Does queries using _TABLE_SUFFIX(standard SQL) executes TABLES_SUMMARY to get relevant tables to query?
回答1:
According to the documentation TABLE_SUFFIX
is a pseudo column that contains the values matched by the table wildcard and it is olny available in StandardSQL. Meanwhile, __TABLE_SUMMARY_
is a meta-table that contains information about the tables within a dataset and it is available in Standard and Legacy SQL. Therefore, they have two different concepts.
However, in StandardSQL, you can use INFORMATION_SCHEMA.TABLES
to retrieve information about the tables within the chosen dataset, similarly to __TABLE_SUMMARY_
. Here you can find examples of usage and also its limitations.
Below, I queried against a public dataset using both methods:
First, using INFORMATION_SCHEMA.TABLES
.
SELECT * FROM `bigquery-public-data.noaa_gsod.INFORMATION_SCHEMA.TABLES`
And part of the output:
Secondly, using __TABLES_SUMMARY__
.
SELECT * FROM `bigquery-public-data.noaa_gsod.__TABLES_SUMMARY__`
And part of the output table,
As you can see, for each method the output has a particular. Even though, both retrieve metadata about the tables within a particular dataset.
NOTE: BigQuery's queries have quotas.
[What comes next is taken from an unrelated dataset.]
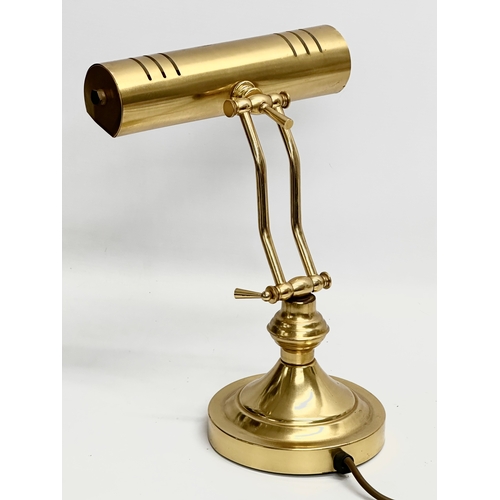 190 - A brass desk lamp.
This quotas applies for some situations, including for the number of tables a single query can reference, which is 1000 per query, here.
回答2:
No, querying using wildcard table does not execute TABLES_SUMMARY. You can have more than 500k tables in the dataset, but it does require that the number of tables matching the prefix pattern to be less than 500k. For other limitations on wildcard tables you can refer to the documentation.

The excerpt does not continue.